Monday, October 15, 2007

Fundo Xian Religion Takes Hit from Youth

Finally, some hopeful news about the "younger generation". Today the results of a large poll were released, and the news ain't good for the Fundo Xians.

According to the story (published in San Antonio, of all places -- and not so much elsewhere), today's young people see Christianity as judgmental, hypocritical and -- most importantly -- anti-gay.

I say good for them. I grew up in Oklahome in the 50s, when Civil Rights were pretty much a pipe dream, where the "negroes" knew their place and pretty much stayed in it. No one could have predicted that the gathering storm on the historical horizon would result in the major sea change in American society that was wrought by Martin Luther King and the other major players in the Civil Rights pantheon.

And I believe that it took the changing attitudes towards race of young people to help bring this about. Now we are engaged in another monumental Civil Rights struggle, this time for the equal rights of gay, lesbian and transgendered people, and it will be won, just as the struggle of my generation was won. And it is the young people who will make it happen.

In a way it's kind of scary, though, since every time The Church has come under scrutiny and objective criticism, the backlash has been horrific (e.g., the Inquisition, the slaughter of the Huguenots, the list goes on...), and there's no reason to suspect it won't happen again as a result of the conclusions of this study. Watch for modern equivalents of the rack, the bastinado, and the fiery stake, used as instruments of missionary zeal.

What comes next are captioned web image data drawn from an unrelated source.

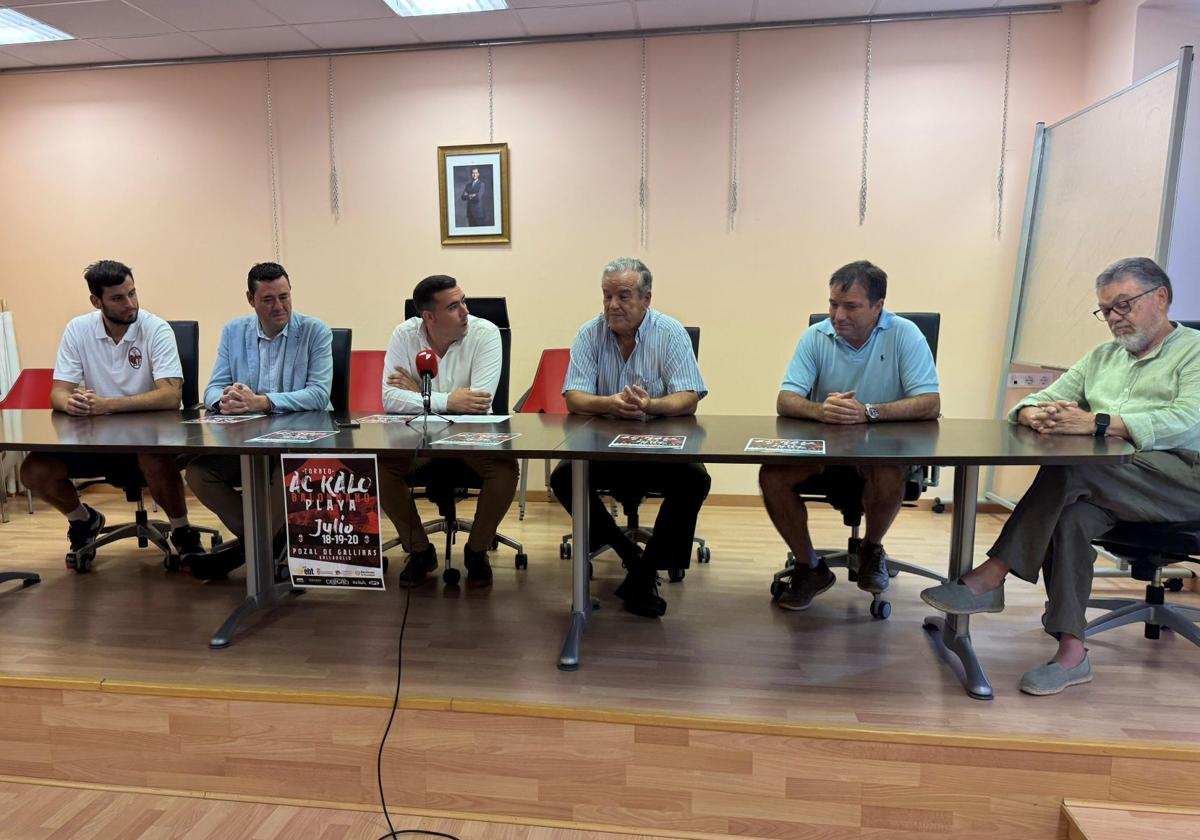 Presentación del I Torneo AC KALO de Balonmano Playa en Pozal de Gallinas.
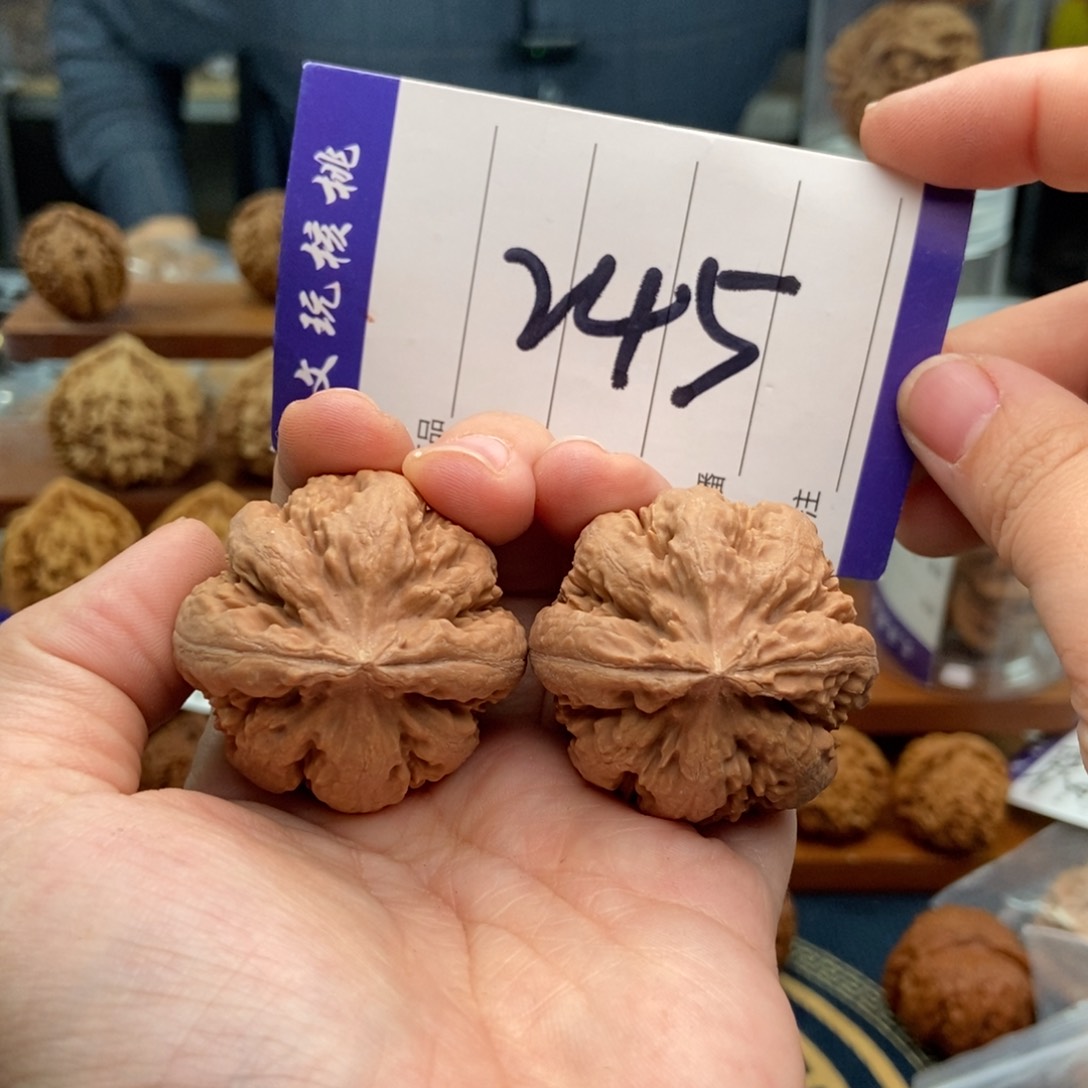 文玩核桃吊坠38霸王龙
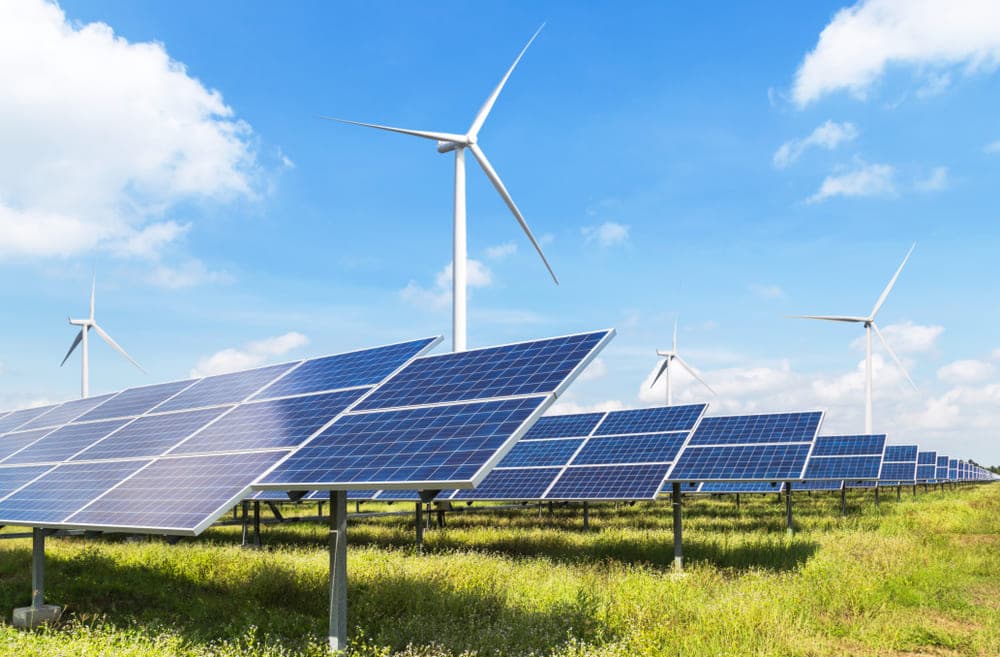 Mecanisme de sprijin mai avantajoase pentru cei care instalează baterii de stocare a energiei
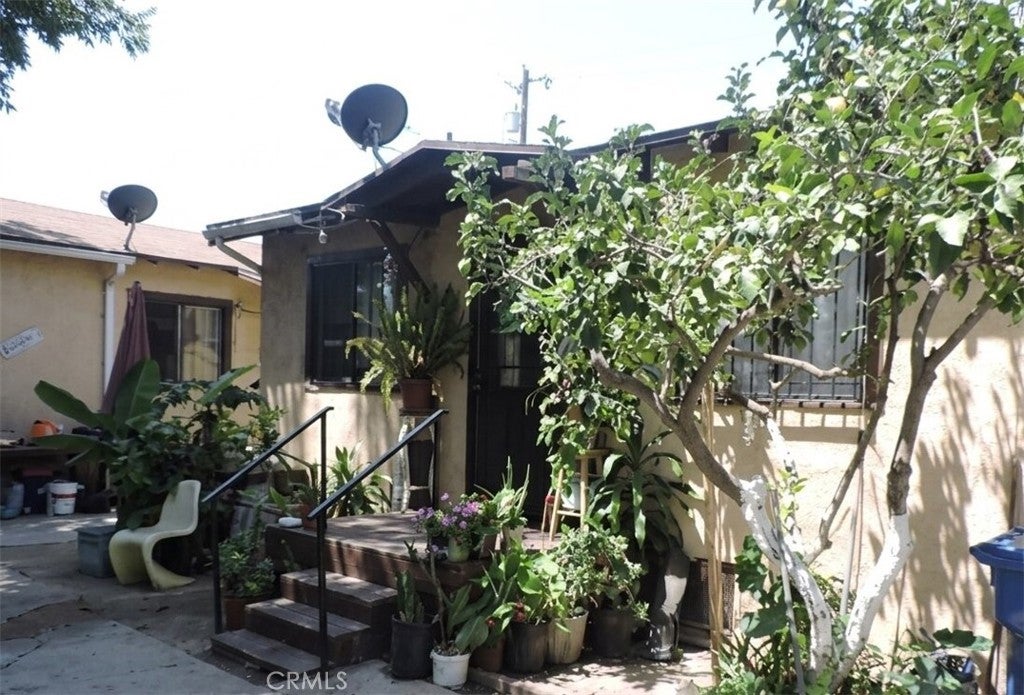 1350 E 43rd Street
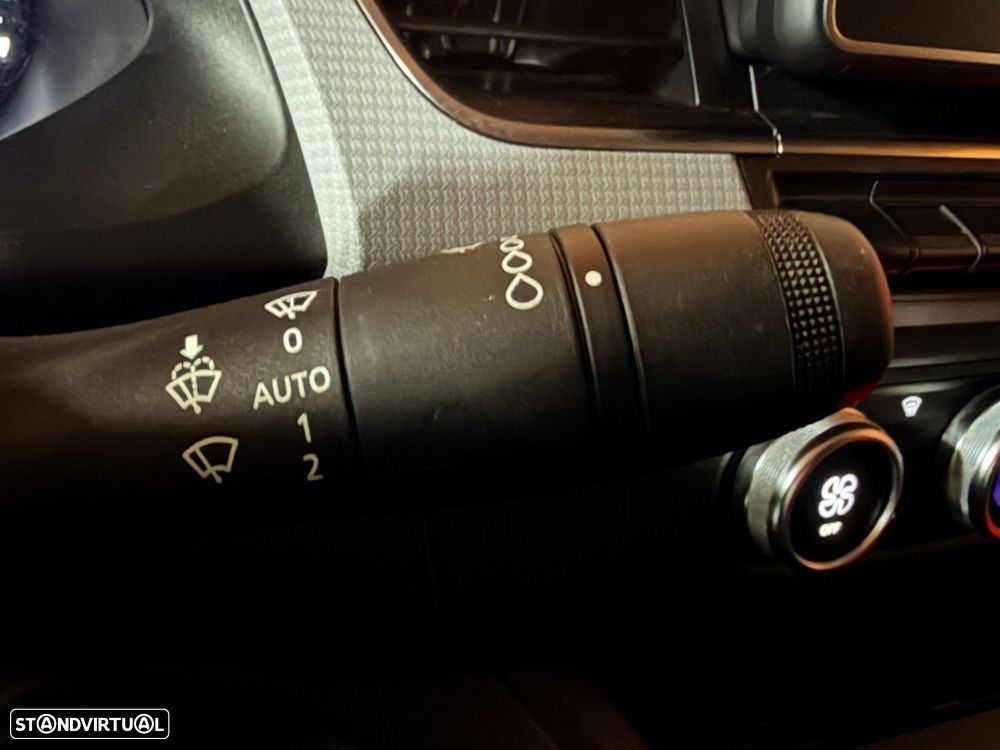 Renault Kangoo E-TECH - 19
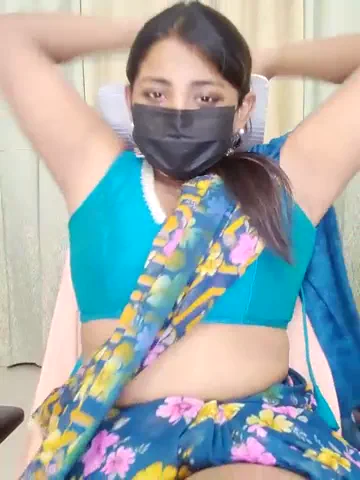 trending_couple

So you freedom-loving intellectually-honest young people -- and I am proud to put my free-thinking, authority-questioning agnostic 14-year-old grandson in that mix -- stand your ground, stay true to your Secular Humanism and your sense of social justice, and give the well-deserved boot to those homophobic authoritarian judgmental assholes in your life.

Life is too short to worry about what other people are doing in the bedroom. Stand up for what's right.

There is hope after all for this country.

2 Comments:

Granny said...

When one of our local high schools was finally allowed to form a gay-straight alliance the protests came from parents and the fundamentalist churches (not all the churches by any means though), not the kids.

fjb said...

I can proudly count my 16 year old son as one of the new generation of free-thinking, authority questioning, undaunted young people in this world, too. There's hope for all of it yet, Farnsworth.